Благодаря «Синдикам» мы можем составить себе окончательное суждение о Рембрандте. В 1661 году ему оставалось жить только восемь лет. За эти последние, печальные, трудные, очень одинокие, но всегда занятые работой годы техника его становилась тяжелее, но манера более не изменялась. Но так ли сильно она изменялась и раньше? Какие перемены с 1632 года, то есть с начала художественной деятельности Рембрандта и до ее завершения, до «Синдиков», можно заметить в этом упорном и так мало похожем на других гении? Более быстрое исполнение; более широкая кисть, более тяжелые и плотные краски, более устойчивая подготовка. Прочность первоначальных прописей становилась тем большей, чем более порывисто работала кисть на поверхности. Это то, что называется мастерски проработать холст. И действительно, художник имеет тут дело с элементами мало податливыми, и часто, вместо того, чтобы управлять ими, он становится их рабом. Надо иметь за собой долгие годы удачных опытов, чтобы употреблять без особенного риска подобные приемы.

Рембрандт дошел до этой степени уверенности в себе постепенно, вернее — скачками, с внезапными рывками вперед и возвращениями назад. Иногда мастерские картины следовали у него, как я говорил, непосредственно за слабыми. И все же, в конце концов, после долгого тридцатилетнего пути, Рембрандт определился во всех отношениях. «Синдиков» можно рассматривать как итог его достижений или, правильнее, как блестящий результат достигнутой им уверенности.

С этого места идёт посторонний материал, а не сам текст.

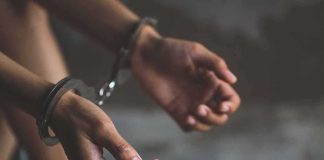 UNBELIEVABLE — Court BRANDS Mom’s Words, “Hate” hands in handcuffs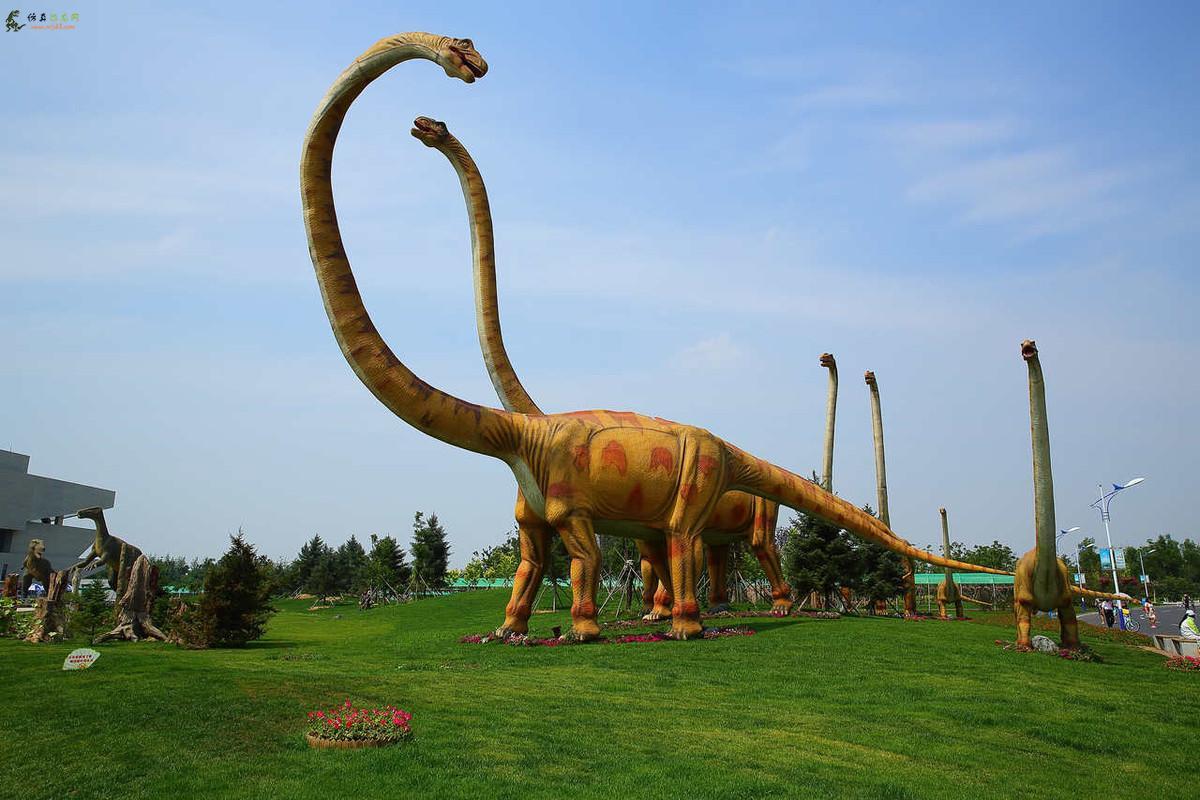 大型仿真恐龙在中国的市场调研分析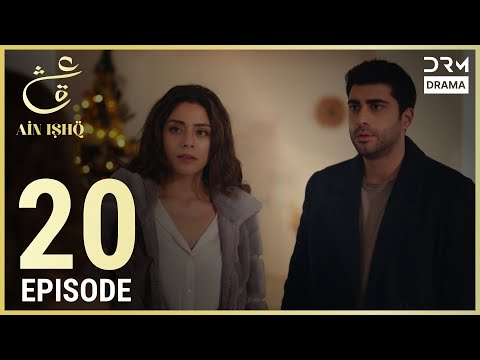 Ain Ishq | Episode 20 | One Love Turkish Drama Urdu Dubbed | UD1O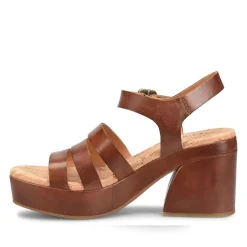 KorkEase Pasha Sandal - Brown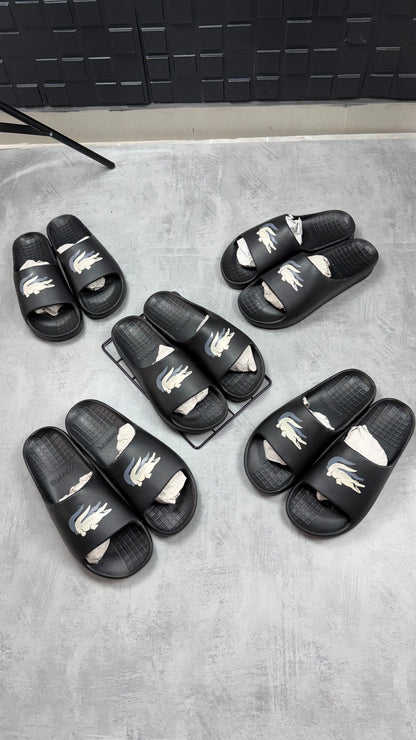 Chinelo Masculino Lacoste Slide 2.0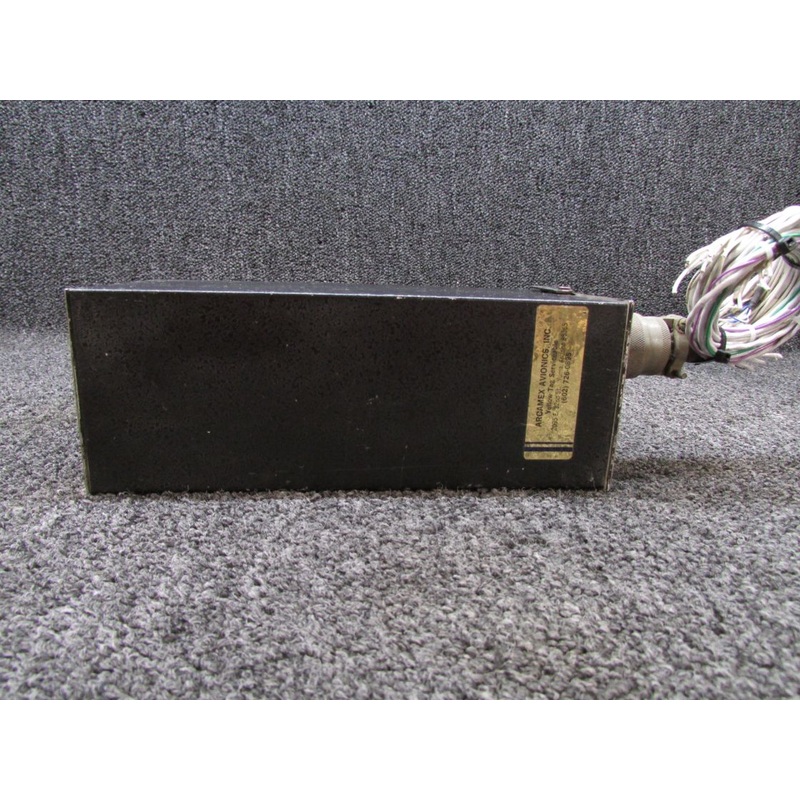 522-2993-001 Collins 51R-7A VOR-LOC Navigation Unit (Volts: 28)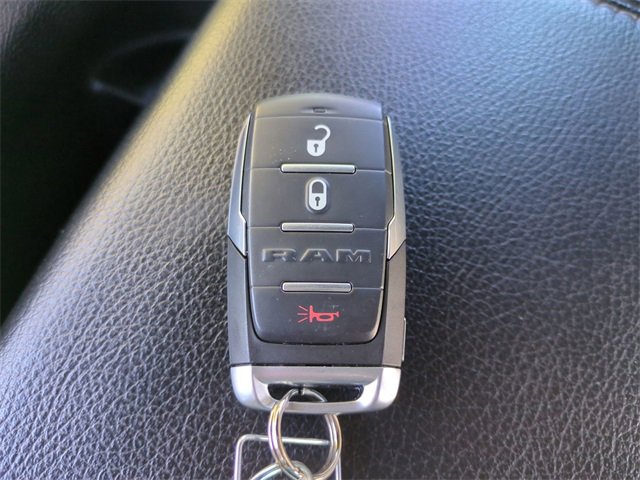 Used 2022 RAM 1500 Big Horn image 35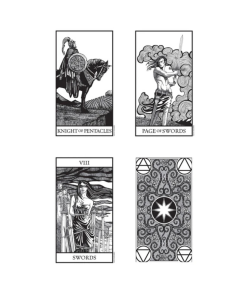 Bianco Nero Tarot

Это портреты, собранные в одно целое, — не лучшие, но вполне выдерживающие сравнение с лучшими из тех, какие Рембрандт создал в последние годы. Правда, портреты супругов Дай они ничем не напоминают; нет в них также и свежести акцентов и чистоты цвета, присущих портрету Сикса. Они задуманы в сумрачном, рыжеватом и мощном стиле луврского «Молодого человека» и много лучше «Св. Матфея», относящегося к тому же году, но уже выдающего старость художника. Платья и шляпы черные, но сквозь черное чувствуются глубокие рыжие тона. Воротники и манжеты белые, но сильно лессированы коричневым бистром. Лица необыкновенно жизненны и одушевлены прекрасными лучистыми глазами, которые не смотрят прямо на зрителя, но следят за вами, вопрошают вас и внимают вам. Лица индивидуальны и похожи. Это бюргеры, купцы, но из именитых, собравшиеся у себя за столом, который покрывает красный ковер. Раскрытая торговая книга у них под рукой. Мы застаем их в разгаре совещания. Они заняты, хотя и не двигаются, говорят, хотя и не шевелят губами. Никто не позирует, все живут. Черные цвета то выступают, то стушевываются. Жаркая атмосфера, ощущение которой удесятеряется богатством валеров, окутывает все глубокими полутонами. Рельефность линий, лиц, рук поразительна, а чрезвычайно жизненное освещение подмечено с такой тонокостыо, как будто сама природа подсказала его качество и меру. Можно было бы сказать, что это самая сдержанная и уравновешенная картина — настолько она точна и гармонична, — если бы сквозь всю эту зрелость, полную хладнокровия, не проступали сильнейшее возбуждение, нетерпение и страсть. Это великолепно! Рассмотрите еще несколько лучших портретов Рембрандта, задуманных в том же духе, — они многочисленны, — и вы получите представление о том, что может дать изобразительное сочетание четырех или пяти первоклассных портретов. Целое грандиозно, это венец долгих усилий. Нельзя сказать, чтобы картина открыла нам более сильного или даже более смелого Рембрандта, но она свидетельствует о том, что этот искатель много раз возвращался к той же проблеме, прежде чем нашел ее решение.